L’Arabia Saudita sospende la lapidazione di una lavoratrice domestica srilankese

Una donna madre di due bambini è stata condannata alla pena capitale per adulterio dopo aver avuto una relazione extra-coniugale, il suo amante invece deve ricevere “solo” 100 frustate. La notizia non proviene dalle cronache del medioevo e neppure da qualche villaggio tribale sperduto ma dalla Arabia Saudita, alleato di un occidente così sensibile ai petrodollari da soprassedere ad ogni nefandezza. Lo stesso occidente che ha cercato di esportare a “fil” di... bomba la democrazia in mezzo mondo provocando i disastri che abbiamo sotto gli occhi. Per fortuna questa sentenza di morte per lapidazione è stata sospesa, ma non così temiamo avverrà per le decine di persone in aattsa nel braccio della morte delle carceri di Riyadh. In questo caso le autorità dell’Arabia Saudita hanno deciso di sospendere la pena capitale per lapidazione della donna che fra l'altro è straniera, srilankese per la precisione e che lavorava nel Regno come domestica. La lavoratrice, dall’identità non rivelata e madre di due bambini, era stata condannata alla pena capitale per adulterio, mentre il suo amante (un uomo fra l'altro non sposato) a ricevere le coraniche 100 frustate.
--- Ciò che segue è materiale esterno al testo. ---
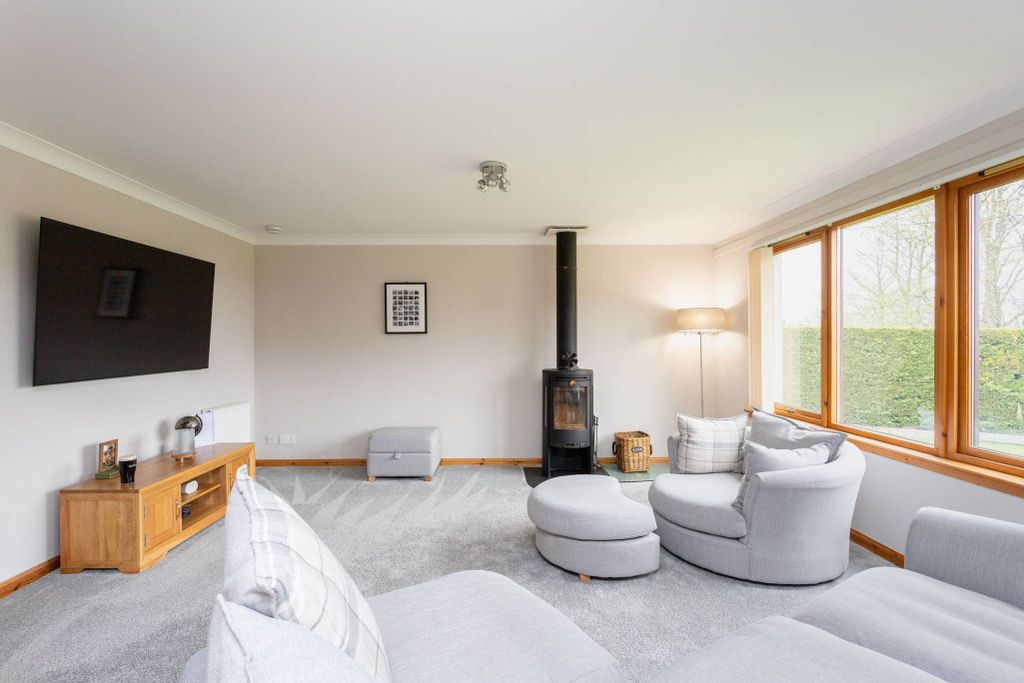 Property photo 2 of 30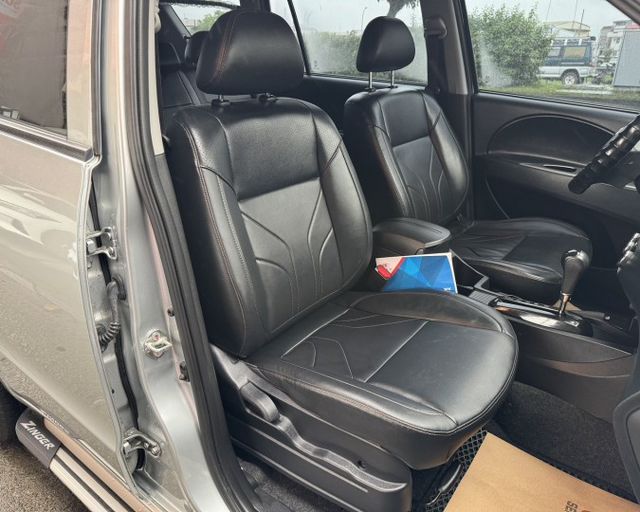 潔承汽車｜ZINGER｜2.4｜精緻版｜安卓主機｜倒車顯影｜盲點偵測｜實跑10.5萬｜車況已查定  第13張相片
Nei giorni scorsi diversi leader religiosi, attivisti sociali e il governo dell’isola asiatica di cui è originaria la donna, avevano lanciato un appello urgente affinchè venisse concessa la grazia. Harsha de Silva, vice ministro degli Esteri srilankese, ha riferito davanti al Parlamento di Colombo la decisione di Riyadh di riaprire il caso. De Silva ha aggiunto che alcuni rappresentati diplomatici di Colombo hanno incontrato in carcere la condannata e l’hanno rassicurata per il raggiungimento dell’accordo di sospensione dell’esecuzione. “Secondo noi questo accordo è una vittoria”, ha detto, aggiungendo che il ministero si farà carico dell’intero ammontare delle spese legali per la riapertura del procedimento e “farà tutti gli sforzi possibili per modificare questa sentenza”, perchè sospensione vnonvuo dire liberazione, ma solo revisione del processo. La scorsa settimana il caso della lavoratrice ha sollevato le preoccupazioni dell’intera società srilakese. Mangala Samaraweera, ministro degli Esteri, ha incontrato la controparte saudita per richiamare l’attenzione di Riyadh sul caso della donna. Inoltre il Muslim Council Sri Lanka, un’organizzazione della minoranza musulmana nell’isola, ha scritto al re saudita per chiedere il perdono di entrambi i colpevoli, sottolineando il loro scarso livello d’istruzione e la situazione di indigenza economica. Infine il National Sangha Council, un’organizzazione buddista, ha scritto una lettera-appello all’ambasciatore saudita in Sri Lanka richiedendo di salvare la vita della donna. Alla lettera sono seguite delle manifestazioni di fronte all’ambasciata e all’ufficio delle Nazioni Unite della capitale dello Sri Lanka. Dal resto del mondo “civile”, fatta eccezione per le onlus umanitarie è arriva un silenzio assordante. Un barile di petrolio a buon prezzo vale evidentemente più di una vita e così, magari bendati, si può scagliare la prima pietra.